THE TASK:
Excluding pictures, give the entries again exactly as they appear.

INPUT DATA:
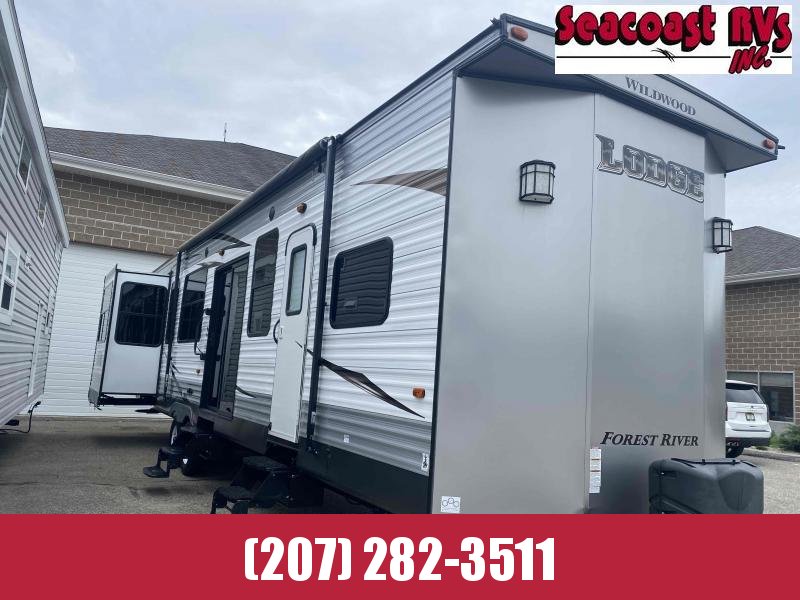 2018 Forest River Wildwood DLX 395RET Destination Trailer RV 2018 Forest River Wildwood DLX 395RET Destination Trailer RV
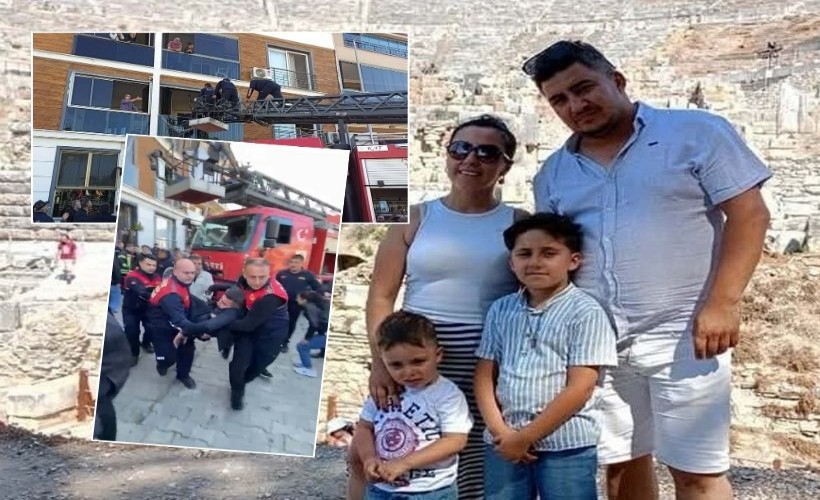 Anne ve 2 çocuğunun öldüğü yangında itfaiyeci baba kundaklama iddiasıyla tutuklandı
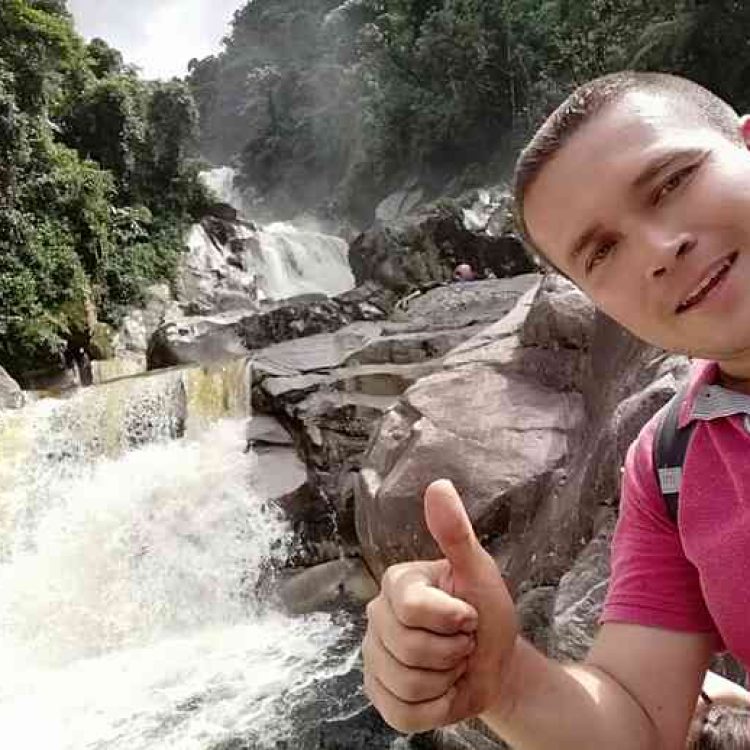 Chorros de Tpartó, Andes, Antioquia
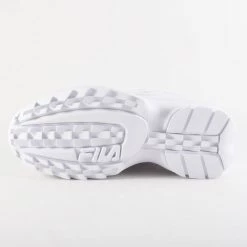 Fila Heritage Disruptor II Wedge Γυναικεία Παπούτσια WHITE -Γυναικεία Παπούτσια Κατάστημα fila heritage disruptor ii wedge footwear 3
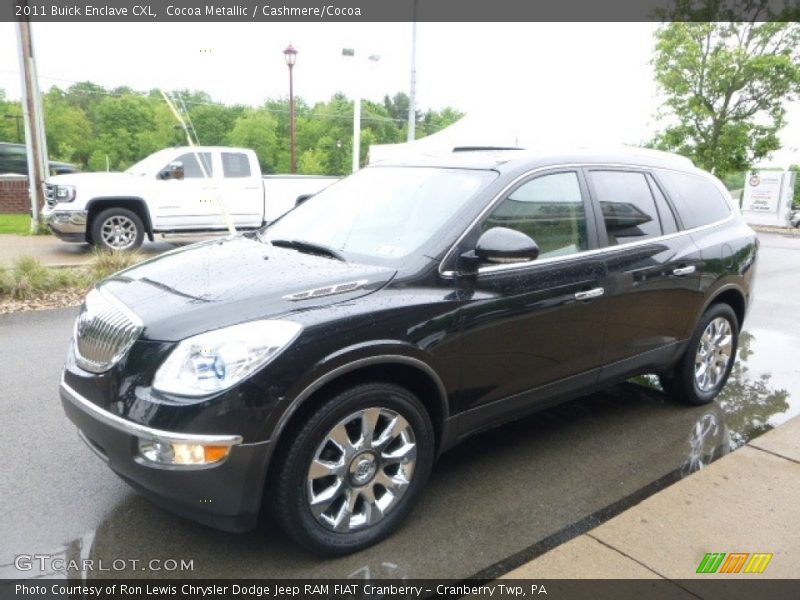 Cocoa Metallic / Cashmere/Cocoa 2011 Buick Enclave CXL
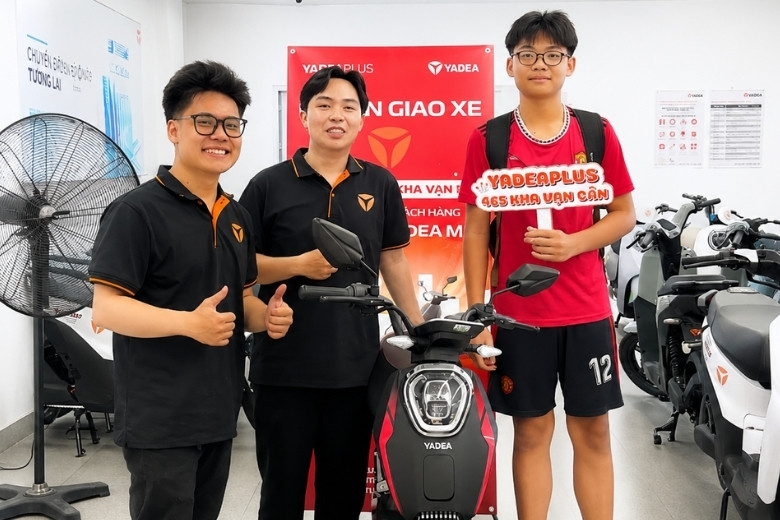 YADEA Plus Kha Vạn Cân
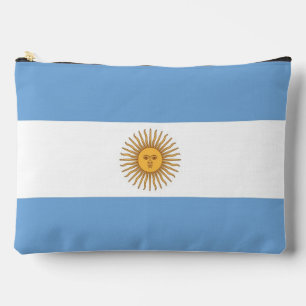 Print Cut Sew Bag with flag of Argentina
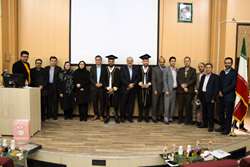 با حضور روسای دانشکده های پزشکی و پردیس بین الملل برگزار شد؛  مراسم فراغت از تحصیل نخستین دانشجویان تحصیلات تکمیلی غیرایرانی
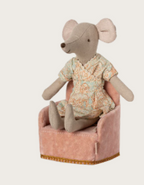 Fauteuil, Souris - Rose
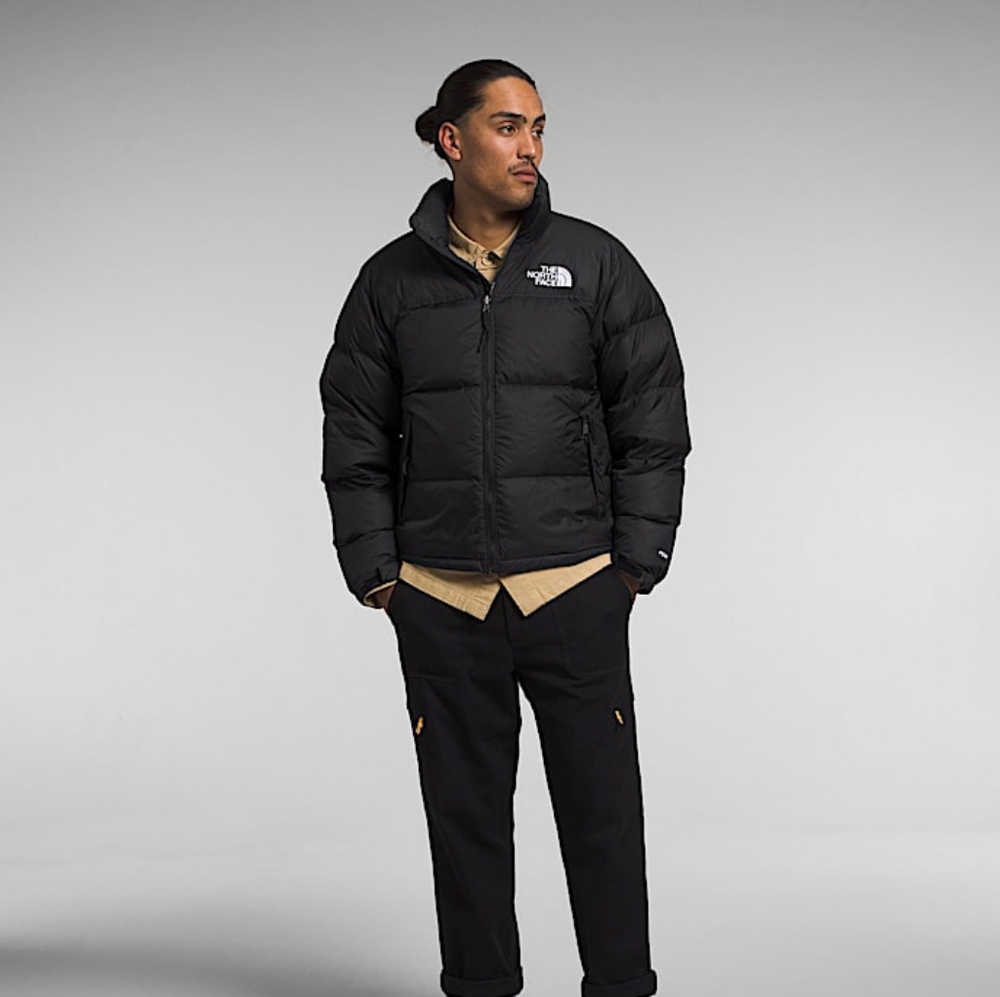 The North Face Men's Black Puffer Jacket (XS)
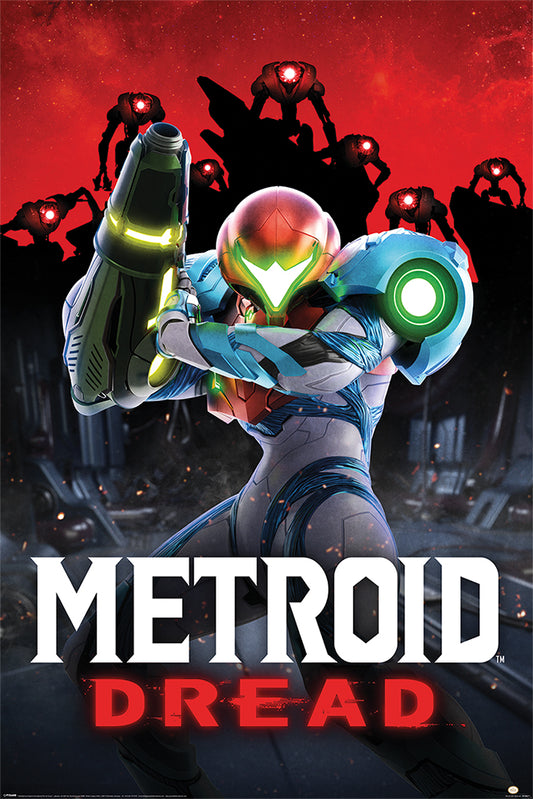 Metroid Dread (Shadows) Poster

TASK RESPONSE:
 2018 Forest River Wildwood DLX 395RET Destination Trailer RV 2018 Forest River Wildwood DLX 395RET Destination Trailer RV
 Anne ve 2 çocuğunun öldüğü yangında itfaiyeci baba kundaklama iddiasıyla tutuklandı
 Chorros de Tpartó, Andes, Antioquia
 Fila Heritage Disruptor II Wedge Γυναικεία Παπούτσια WHITE -Γυναικεία Παπούτσια Κατάστημα fila heritage disruptor ii wedge footwear 3
 Cocoa Metallic / Cashmere/Cocoa 2011 Buick Enclave CXL
 YADEA Plus Kha Vạn Cân
 Print Cut Sew Bag with flag of Argentina
 با حضور روسای دانشکده های پزشکی و پردیس بین الملل برگزار شد؛  مراسم فراغت از تحصیل نخستین دانشجویان تحصیلات تکمیلی غیرایرانی
 Fauteuil, Souris - Rose
 The North Face Men's Black Puffer Jacket (XS)
 Metroid Dread (Shadows) Poster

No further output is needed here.